If disabled, no reference image is shown even if one is provided in the dataset. If enabled, a reference image is shown when available in the dataset.
If enabled, raters are allowed to respond that they find both images equally preferable. Whether or not allowing ties is beneficial depends on the data and the rater pool.
Images may be cropped for practical reasons if the full-resolution images do not fit on the screen, and you do not wish to scale them down. Another reason why you may wish to crop images is to learn more about where a rater focused their attention when making a decision. Image compression methods, for example, often perform differently on different parts of an image.
If you do not wish to crop images, set the maximum crop size to a value larger than the largest image in your dataset. To give you an idea of the available space, raters are pre-screened for a screen resolution of 1300x750 pixels (only counting the interior height of the browser window) by default.
The initial crop is chosen uniformly at random from all possible crops. Raters can request a different random crop if you enable the option to allow crop refresh.
Panning allows raters to click and drag an image to select a different crop.
Zooming allows raters to increase the size of an image, making it easier to inspect details. By default, the available zoom levels are 1x, 2x, and 4x and the initial zoom level is set to 1x.
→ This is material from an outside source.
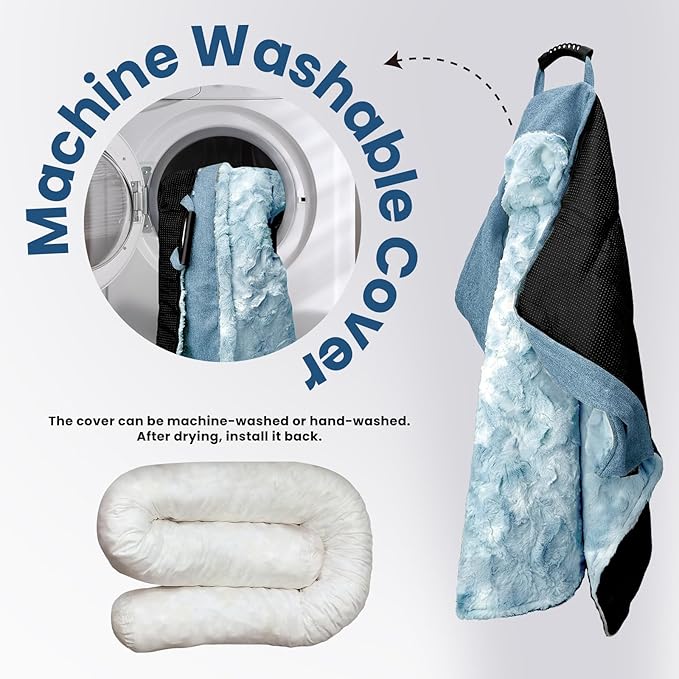 Calming Dog Couch Bed for Large Dog, 41 x 37 inch Waterproof Memory Foam Dog Bed for Couch, Durable Fluffy Fuzzy Dog Bed Mats with Washable Removable Cover Protector for Sofa, Tie-Dry Blue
When scaling images, browsers need to choose an algorithm. This algorithm can be controlled with the image rendering property. For example, setting it to pixelated results in nearest-neighbor scaling. Note that even at 1x zoom, browsers may need to scale images if physical pixels do not correspond to CSS pixels. This is the case, for example, with retina displays.
[1] Li et al. (2018). StoryGAN: A Sequential Conditional GAN for Story Visualization.
[2] Mentzer et al. (2020). High-Fidelity Generative Image Compression.
[3] Otani et al. (2023). Toward Verifiable and Reproducible Human Evaluation for Text-to-Image Generation.
[4] Mantiuk et al. (2012). Comparison of four subjective methods for image quality assessment.